Envoy Pro SX — next generation portable storage from OWC
At a glance
For: | Fast, rugged, portable. |
---|---|
Against: | SSD storage is more expensive than a disc. This is more noticeable with greater storage capacities. |
Maybe: | Heavier than disc-based portable drives. |
Verdict: | This is the future of portable storage. |
Rating: | 5 out of 5 |
Price: | Around NZ$530 for the 480GB model tested here. |
Web: | OWC |
Cloud storage is great. Fast, efficient fibre or mobile broadband can make it feel as if your data is close to hand even when it is miles away. It isn’t expensive or difficult to use.
Yet there can be times you’re not connected. You may have data that you don’t want to store online. Or you might want an emergency belt-and-braces back-up in case their is a cloud apocalypse.
That’s why external drives remain popular. You have no end of choice when it comes to external storage. From USB memory sticks to shared network drives, the market has every niche and price point covered.
Premium external storage
OWC’s Envoy Pro SX is premium personal back-up. It can be worth paying extra if you spend a lot of time working with large media files – say you work in video, design, photography or audio production.

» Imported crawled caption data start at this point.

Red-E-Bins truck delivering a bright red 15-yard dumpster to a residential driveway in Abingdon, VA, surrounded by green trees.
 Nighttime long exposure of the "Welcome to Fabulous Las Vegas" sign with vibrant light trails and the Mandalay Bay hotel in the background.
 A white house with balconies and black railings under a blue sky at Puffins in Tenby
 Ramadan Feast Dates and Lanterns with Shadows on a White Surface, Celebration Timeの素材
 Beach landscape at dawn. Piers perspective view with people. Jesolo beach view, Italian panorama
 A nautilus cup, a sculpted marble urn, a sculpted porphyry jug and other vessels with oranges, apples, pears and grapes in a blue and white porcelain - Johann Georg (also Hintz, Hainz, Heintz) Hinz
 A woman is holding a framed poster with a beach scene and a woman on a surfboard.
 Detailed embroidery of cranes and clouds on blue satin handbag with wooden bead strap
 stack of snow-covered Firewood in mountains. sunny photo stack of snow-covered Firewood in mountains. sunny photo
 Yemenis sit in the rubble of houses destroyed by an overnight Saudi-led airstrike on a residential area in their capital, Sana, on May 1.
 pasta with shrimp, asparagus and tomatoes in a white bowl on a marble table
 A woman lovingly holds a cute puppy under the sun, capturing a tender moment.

At the heart of the Envoy Pro SX is a solid state drive or SSD. This has two advantages when compared to disc-based drives.
First, it is fast. The drive has a Thunderbolt 3 interface and comes supplied with a Thunderbolt 3 cable. It reads and writes data faster than any hard drive and faster than any drive connected with a more conventional interface.
Models, pricing
OWC sent a 480GB drive. There are 240GB, 1Tb and 2TB versions.
At the time of writing no New Zealand store was selling the drives.
A US-based online store has them at US$200 for the 240GB model, US$250 for the 480GB drive, US$350 for the 1TB and US$530 for the 2TB model. You’d need to pay a delivery charge on top of these prices. The price in the At a glance table above is from a US-based seller offering NZ dollar prices.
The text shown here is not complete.